Please make an exact transcription of all the data that follows.

Input data:
====================
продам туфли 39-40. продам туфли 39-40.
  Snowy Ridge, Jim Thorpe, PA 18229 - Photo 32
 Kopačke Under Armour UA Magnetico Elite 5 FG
====================
Answer to the problem:
продам туфли 39-40. продам туфли 39-40.
  Snowy Ridge, Jim Thorpe, PA 18229 - Photo 32
 Kopačke Under Armour UA Magnetico Elite 5 FG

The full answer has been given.